Before the performance, Alma explained that she’s been told that melody and beautiful harmonies are not acceptable in serious classical music because, “In the 21st Century music must reflect the ugliness of the modern world. In this waltz, instead of trying to make my music artificially ugly...I went in exactly the opposite direction. I took some ugly sounds from the modern world and I tried to turn them into something more beautiful, through music.”

Is there a better definition of the role of art in society? An artist takes the ugliness of the world and transforms it into something sublime and beautiful. I was always under the impression that one of classical music’s primary roles was to show the potential beauty of the world. Alma’s Waltz of the Sirens does just that.

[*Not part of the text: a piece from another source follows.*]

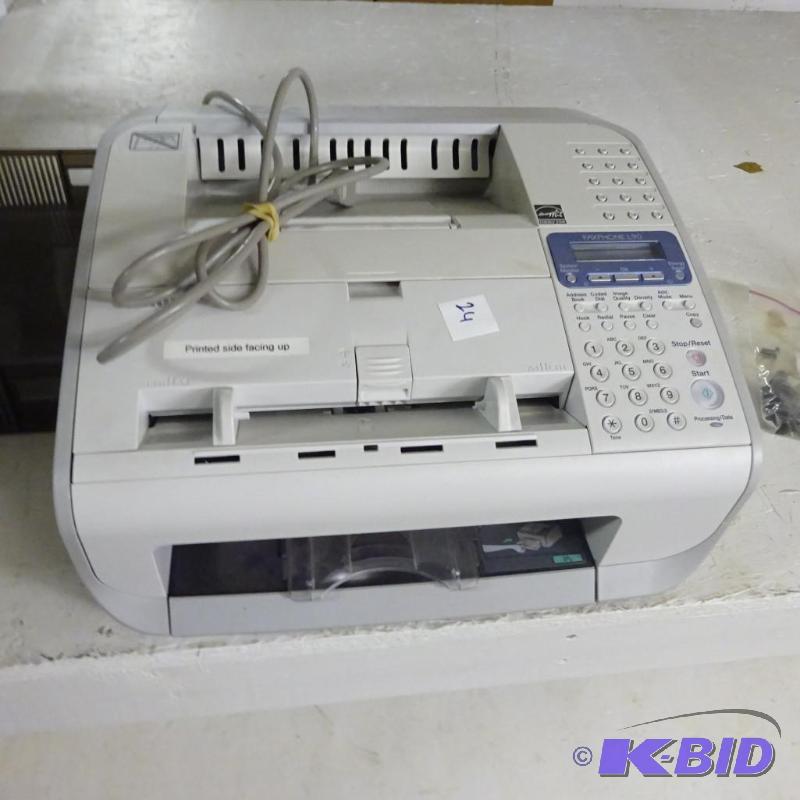 lot 24 image: Cannon Printer Copier Fax Machine Faxphone L9...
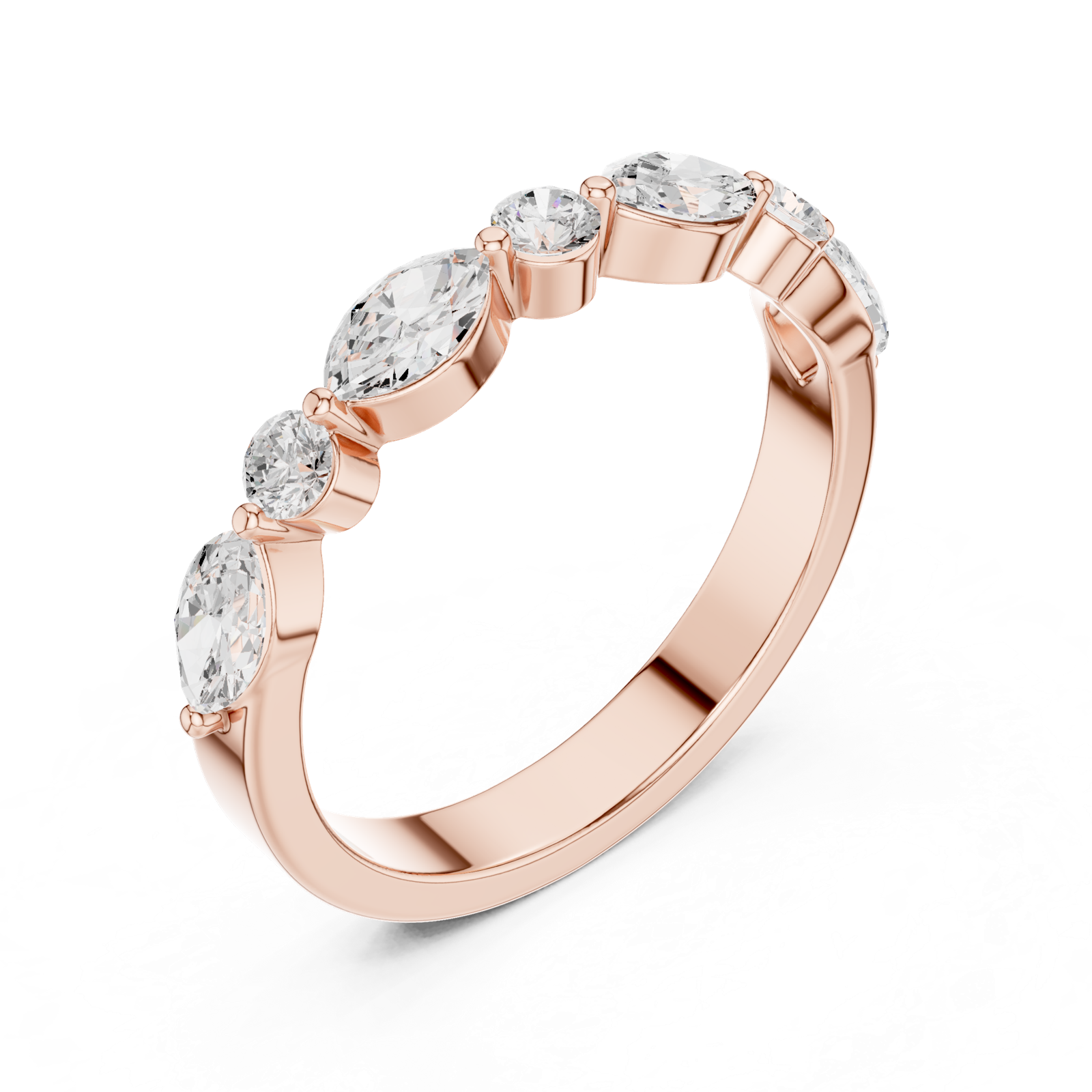 Gold Ring DDLR-384, Rose Gold, view 2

The musical that premiered, in Vienna, on March 4 is called The Emperor’s New Waltz. In it, Alma draws parallels between the function of classical melodies and popular tunes. The villain of the piece is a musical academic who pushes ugly modern classical music. In this, she is also like Mozart.

Mozart had a cultural axe to grind and grind it he did in both Don Giovanni and The Marriage of Figaro. Alma is doing the same thing. She has identified her cultural issue and is making her case with her music and it's not an abstract issue such as global warming. The issue is one that she is intimately involved with and her heart is in it and that’s the seed of something great.